As these spaces are experimented, in the every-day life, while moving through them, it is necessary in introduce the people movements into the metrics. As we assume to focus on the pedestrian movement in this work, we have to qualify all the possible paths a pedestrian could walk along to go from one location to another. Therefore, we propose a method to map the visual perception of urban morphology in order to analyze any of the potential paths into a predefined urban area. This perception of urban morphology is measured with tools based on visual appreciation. This method is synthetic, transposable and systemic in order to be applied on all urban areas. The mapping of the pedestrian visual perception is intended to identify and analyze the ambience potential which belongs to all the pathways, allowing the method to be independent of any given path beforehand.

Various methods to analyze open spaces or indoor spaces have already been developed in the state of the art. This includes, among others, the axial lines and axial maps of the space syntax from Hillier and Hanson (1984), the isovist fields developed by Benedikt (1979), Batty (2001), Lonergan and Hedley (2016), sky views and spherical analysis developed in particular by Teller (2003), the visibility graphs of Turner et al. (2001), and the convex partitioning of spaces such as the one proposed by Hillier and Hanson (1984), Hillier (1996), Peponis et al. (1997).

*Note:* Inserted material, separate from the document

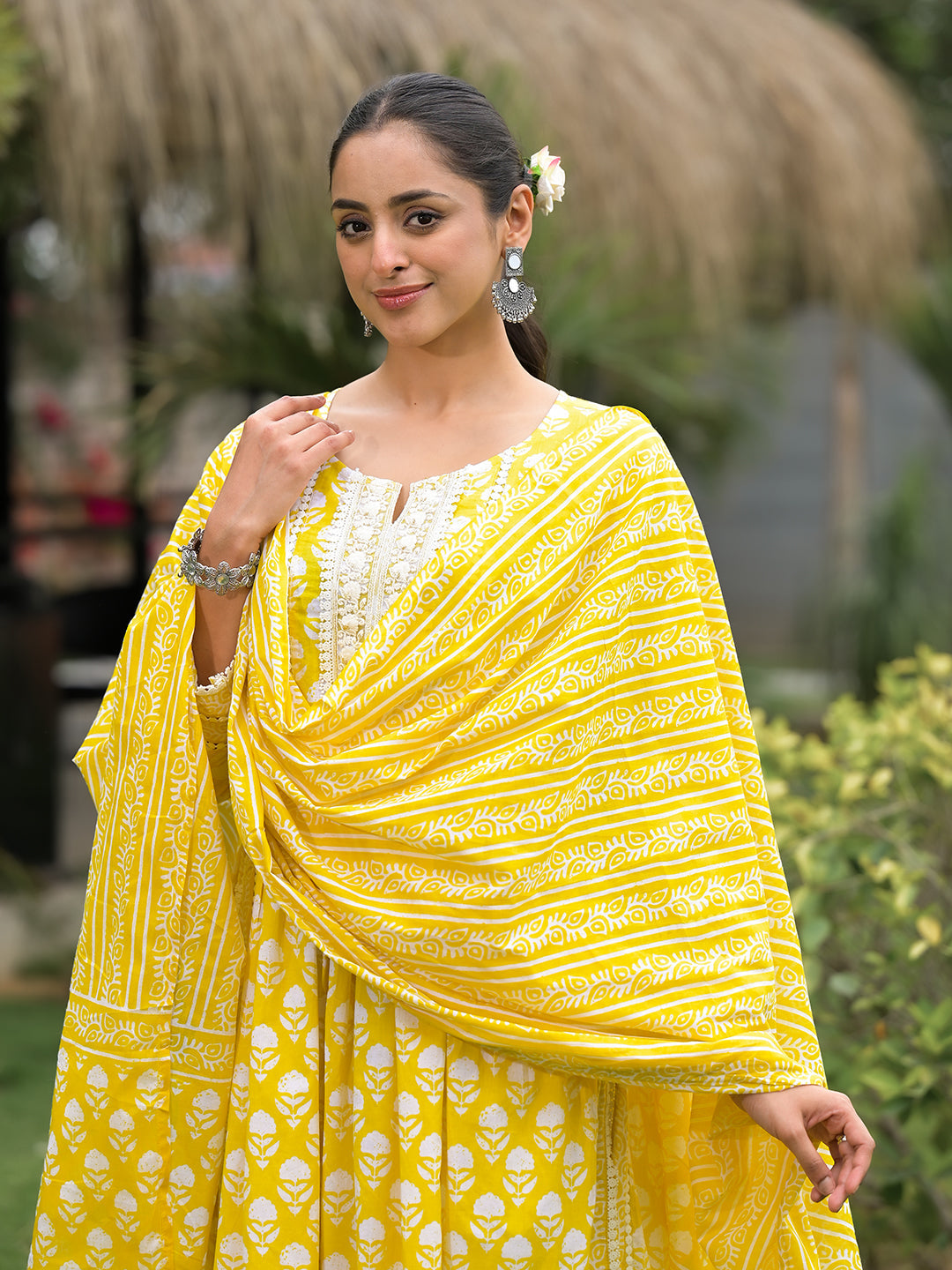 Noe Velarro Yellow Floral Print Cotton Kurta Pants with Dupatta set for women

The latter method (Peponis et al. 1997) proposes a partition of indoor spaces based on building shape, each facade is prolonged by a line until it finds another building blocking it: the s-line. Therefore, according to (ibid.), “Each time such an observer crosses an s-line, an entire surface either appears into the visual field or disappears outside it. For any two different s-spaces, there is at least one wall surface which is entirely visible from one but not from the other”. Based on the principle that “surfaces and parts of surfaces may appear or disappear without crossing an s-line” (ibid.), the same authors propose also another space partition linking “extendible diagonals” (ibid.): the e-line. In this approach, the urban space is partitioned into a set of partition (s-partition or e-partition). “The e-partition represents a layout in terms of constituent convex spaces that are stable with respect to visual information” (Peponis and Bellal 2010).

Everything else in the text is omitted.